Fisheye churchThis is the penultimate post in our ongoing survey of the final chapters of Tom Wright’s Simply Jesus (full review here; click here to link to all posts in the series).

Let’s jump right in with today’s quote from the final chapter of Simply Jesus:

The church is not supposed to be a society of perfect people doing great work. It’s a society of forgiven sinners repaying their unpayable debt of love by working for Jesus’ kingdom in every way they can, knowing themselves to be unworthy of the task. The moment any Christian, particularly any Christian leader, forgets that — the moment any of us imagine that we are automatically special or above the dangers and temptations that afflict ordinary mortals — that is the moment when we are in gravest danger. Peter’s disastrous, humiliating crash came an hour or two after he had declared that he would follow Jesus to prison and even to death.

— Tom Wright, Simply Jesus

You might well read the above paragraph and think it says nothing that isn’t perfectly obvious. However, there is a big implication for the church.

If you asked many non-religious folks their opinion of Christians, you would undoubtedly get a wide range of answers. However, a good chunk of those answers would surely be along the lines that Christians are a bunch of holier-than-thou do-gooders, people who consider themselves morally a cut above the average Joe or Jane and who spend their lives looking down their noses at the moral inadequacy of those not so enlightened as they are. This view may appear to be based on a caricature, but it’s the view that a lot of people hold, and one has to assume that they mostly have at least some reason for holding it.
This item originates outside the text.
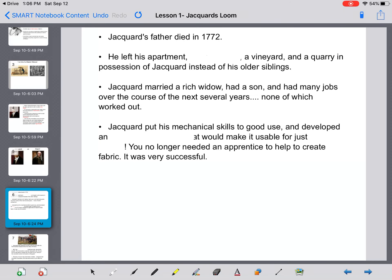Jacquard's father died in 1772, leaving him his apartment, the workshop, a vineyard, and a quarry — all passed to Jacquard rather than his older siblings, perhaps recognizing his higher intelligence. On top of inheriting these profitable businesses, he married a rich widow, becoming even more wealthy. He had a son, and over the next several years he held many jobs, but none of them worked out.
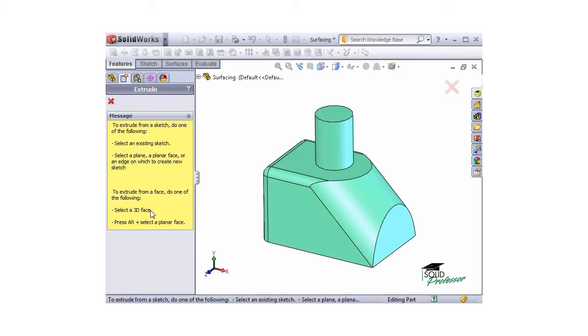If you're selecting a 3D face to extrude from, all you need to do is select it in the graphics area. But if you want to select a 2D face, you must hold the Alt key while selecting it.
Jesus spent his time hanging out with people who were transparently bad and/or messed up in a variety of ways. When he was referred to as the “friend of sinners”, this was not a compliment. Furthermore, the twelve men he chose to be his closest associates and into whom he poured his life and teaching were a motley band of liars, hot-heads, deniers and betrayers.

And so we seemingly have a major disconnect. On the one hand, the Jesus of first century Palestine kept community with all manner of social misfits, outcasts and ne’er-do-wells; on the other hand; the community of Jesus in the twenty-first century (the church) is largely seen as being made up of self-important morality police.